→ TASK BRIEF
Copy out the data that comes next, character for character, and leave the images aside.

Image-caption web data
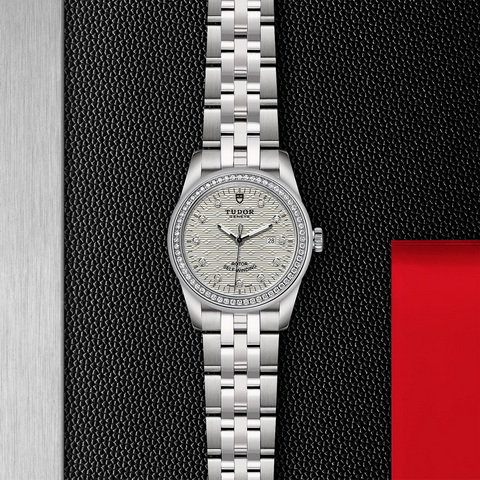 tudor TUDOR Glamour Date M53020-0002 ราคา ที่นำสว่าง thailand bangkok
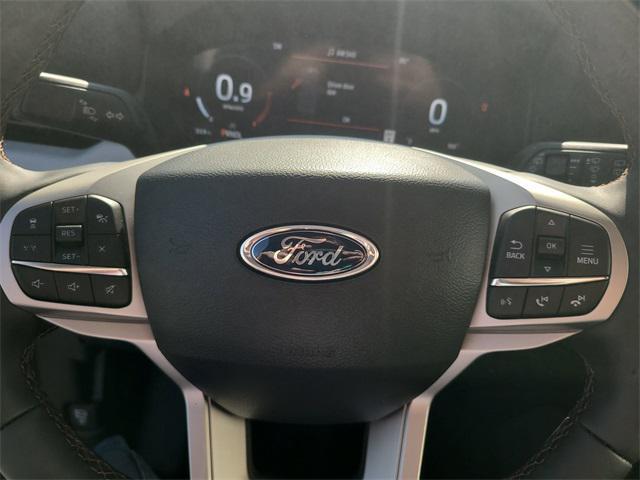 new 2025 Ford Explorer car, priced at $42,871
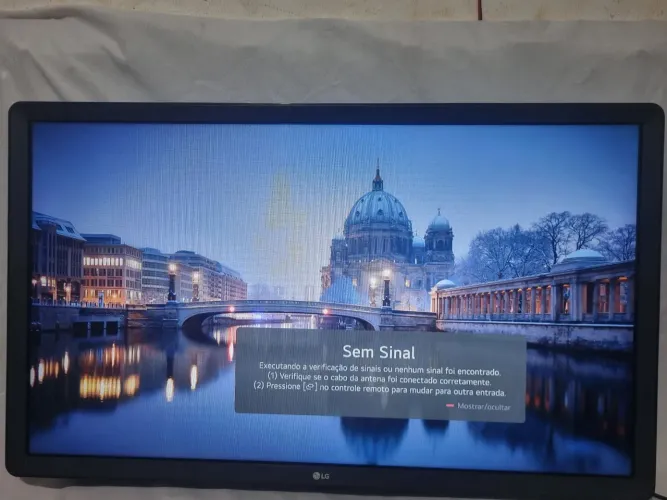 Tv smartv LG 32 última geração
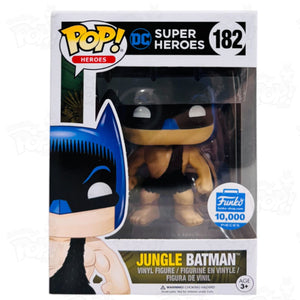 Dc Jungle Batman (#182) Funko Pop Vinyl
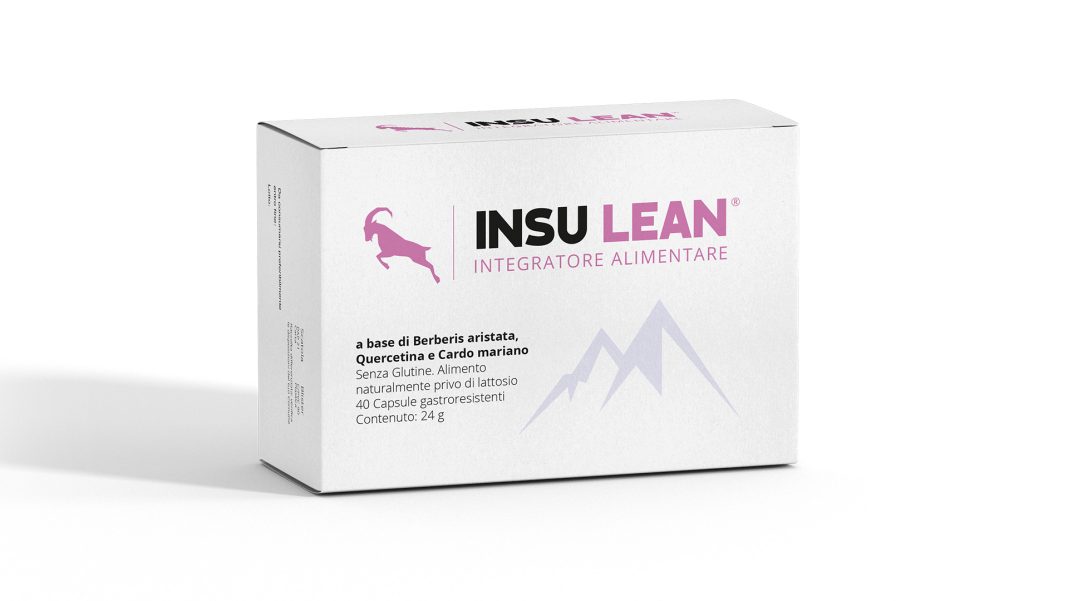 Insu Lean - Vanda Omeopatici - 40 capsule gastroresistenti - Integratore per Controllo della Glicemia e dei livelli di insulina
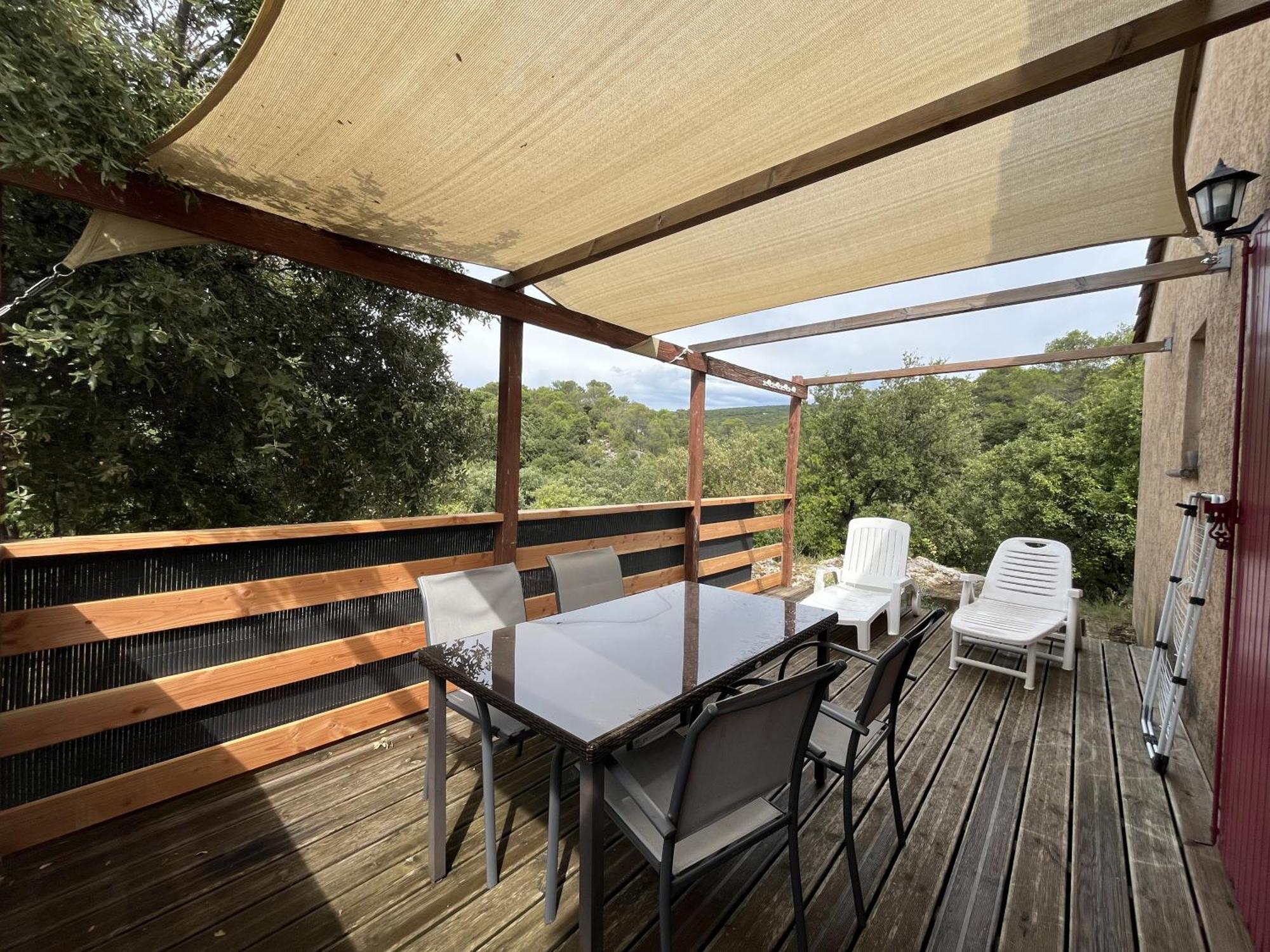 Mont Bouquet Lodge-Residence Hoteliere Brouzet-les-Ales Exterior photo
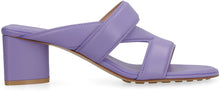 Load image into Gallery viewer, Band leather sandals
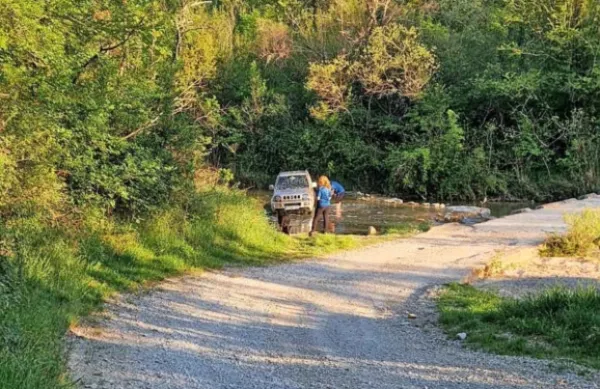 Policisti ugotovili, kdo je pral avtomobil v reki Dragonji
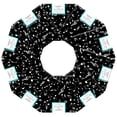 thumbnail image 1 of Create It 18"x21" Cotton Music Notes Precut Sewing & Craft Fabric, Black 10 Pieces, 1 of 9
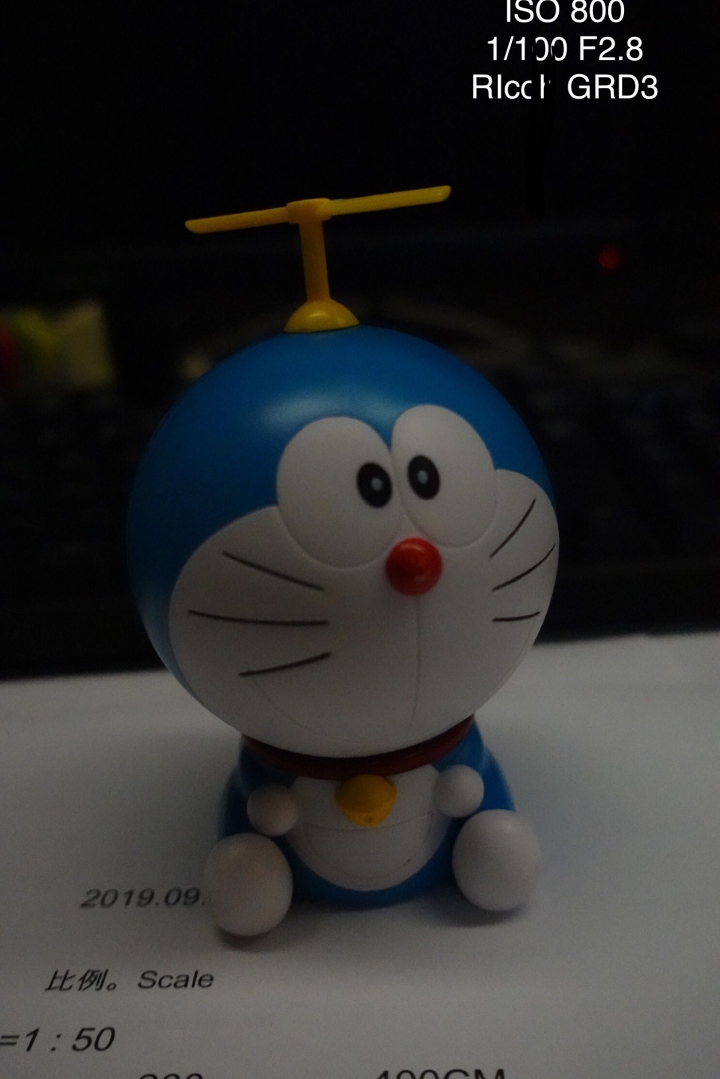 Ricoh GRD3和 Sony RX100 M5A的試拍比較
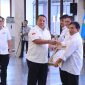 Wakil Bupati Pesisir Barat, A. Zulqoini Syarif menghadiri acara penyerahan DIPA dan TKD di Mahan Agung, Bandarlampung. Foto: Dokumentasi Dinas Kominfo Pesibar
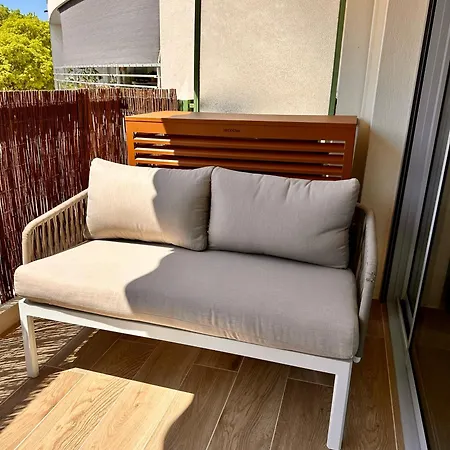 Hacienda - 6 Couchages - Terrasse & Garage Antibes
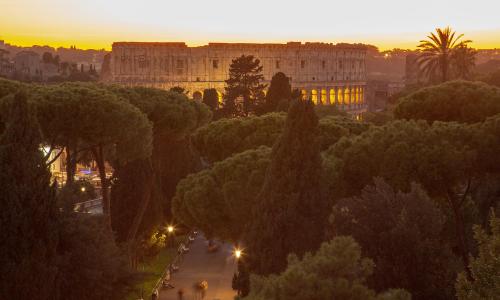 Colosseum View Exclusive Apartment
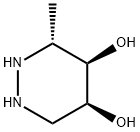 4,5-Pyridazinediol,hexahydro-3-methyl-,(3R,4R,5S)-(9CI) Struktur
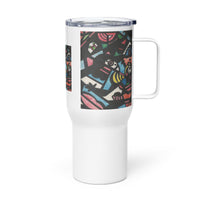 KW Gallery Brushstroke Travel Mug 32 - Winter Sunshine Marketplace
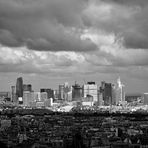 La Defense vom Eiffelturm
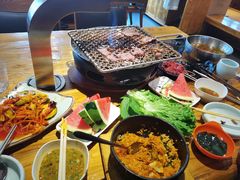 -三千里韩式炭火烤肉(南八马路店)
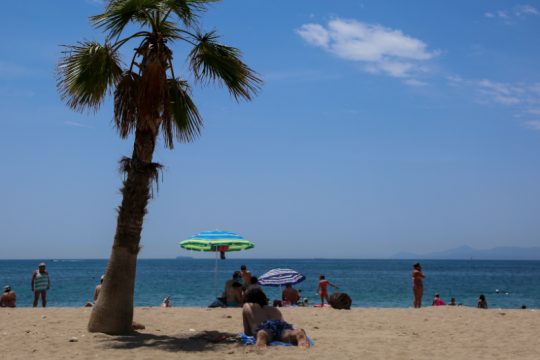Στα ύψη ο υδράργυρος μέχρι το Σάββατο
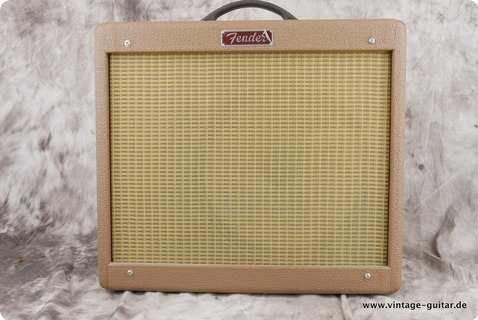 Fender Blues Junior Brown Tolex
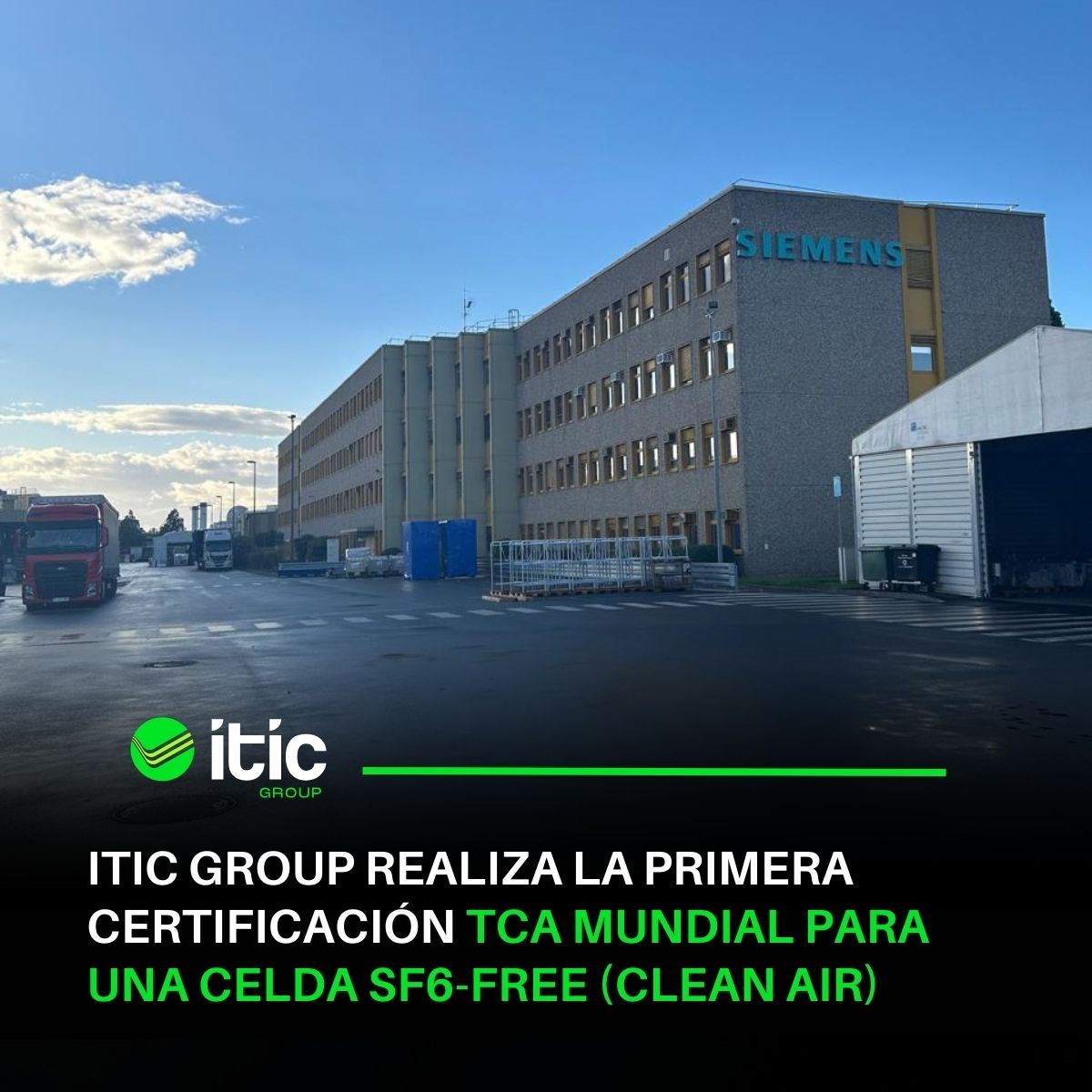 ITIC GROUP ad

→ ANSWER SPACE
 tudor TUDOR Glamour Date M53020-0002 ราคา ที่นำสว่าง thailand bangkok
 new 2025 Ford Explorer car, priced at $42,871
 Tv smartv LG 32 última geração
 Dc Jungle Batman (#182) Funko Pop Vinyl
 Insu Lean - Vanda Omeopatici - 40 capsule gastroresistenti - Integratore per Controllo della Glicemia e dei livelli di insulina
 Mont Bouquet Lodge-Residence Hoteliere Brouzet-les-Ales Exterior photo
 Load image into Gallery viewer, Band leather sandals
 Policisti ugotovili, kdo je pral avtomobil v reki Dragonji
 thumbnail image 1 of Create It 18"x21" Cotton Music Notes Precut Sewing & Craft Fabric, Black 10 Pieces, 1 of 9
 Ricoh GRD3和 Sony RX100 M5A的試拍比較
 Wakil Bupati Pesisir Barat, A. Zulqoini Syarif menghadiri acara penyerahan DIPA dan TKD di Mahan Agung, Bandarlampung. Foto: Dokumentasi Dinas Kominfo Pesibar
 Hacienda - 6 Couchages - Terrasse & Garage Antibes
 Colosseum View Exclusive Apartment
 4,5-Pyridazinediol,hexahydro-3-methyl-,(3R,4R,5S)-(9CI) Struktur
 KW Gallery Brushstroke Travel Mug 32 - Winter Sunshine Marketplace
 La Defense vom Eiffelturm
 -三千里韩式炭火烤肉(南八马路店)
Στα ύψη ο υδράργυρος μέχρι το Σάββατο
 Fender Blues Junior Brown Tolex
 ITIC GROUP ad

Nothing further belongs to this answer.